Task instructions: Beginning with the line that contains "Tallinn. Contraste entre", restate each line below through the final one exactly, and exclude the pictures.

Available data:
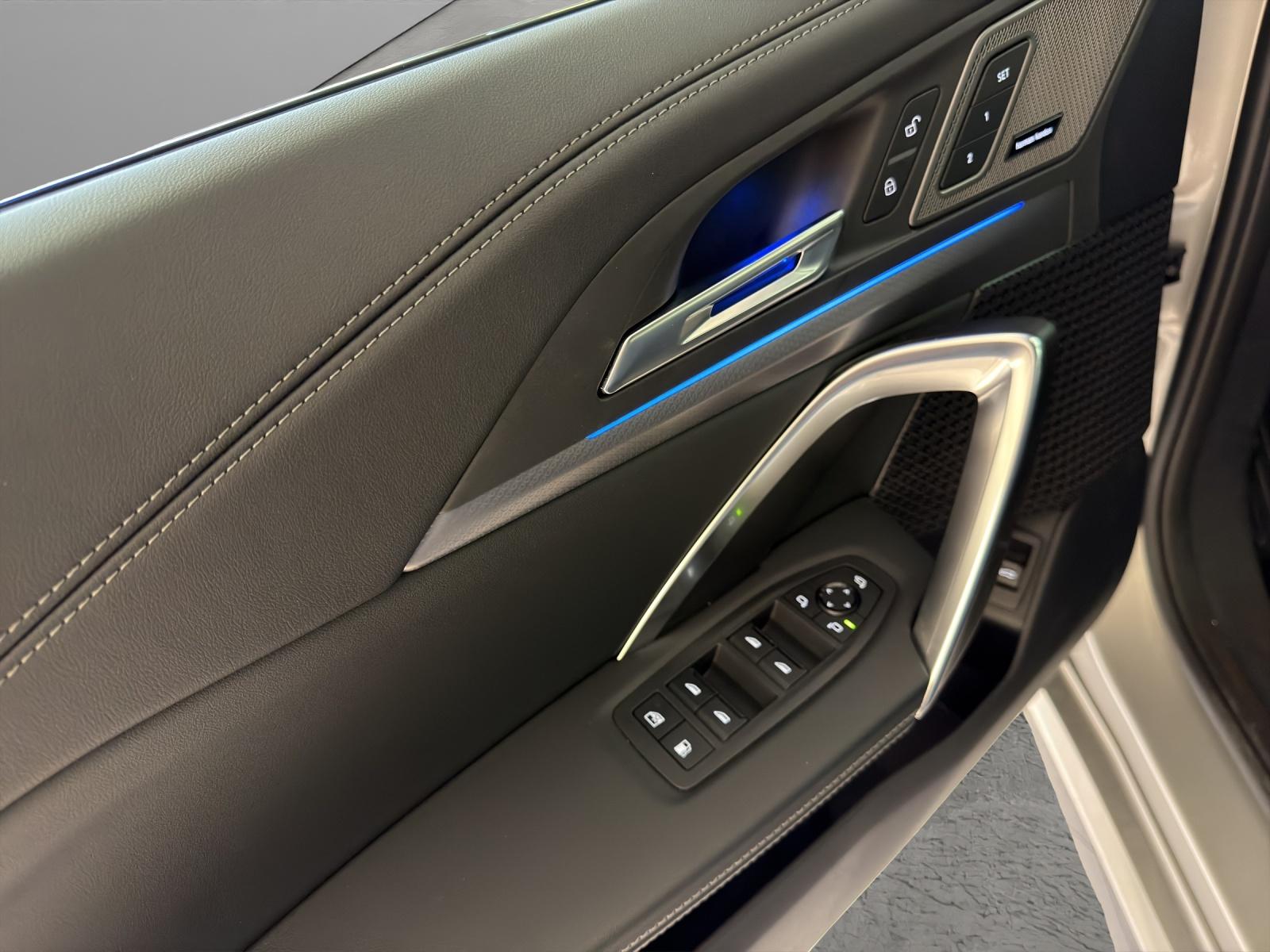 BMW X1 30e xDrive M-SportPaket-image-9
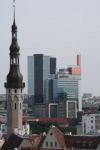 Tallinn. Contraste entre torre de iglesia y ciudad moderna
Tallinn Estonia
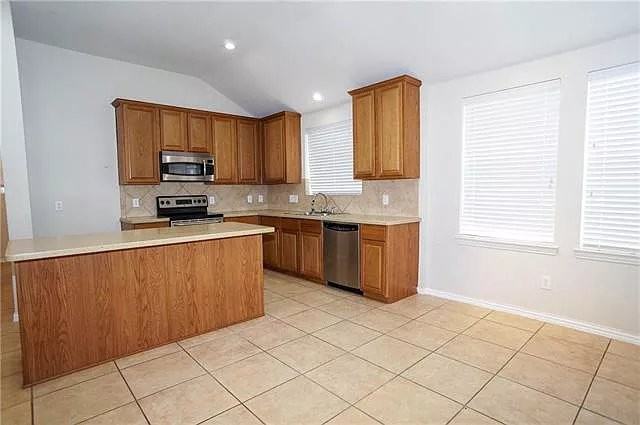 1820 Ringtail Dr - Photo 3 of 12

Solution for this task:
 Tallinn. Contraste entre torre de iglesia y ciudad moderna
Tallinn Estonia
 1820 Ringtail Dr - Photo 3 of 12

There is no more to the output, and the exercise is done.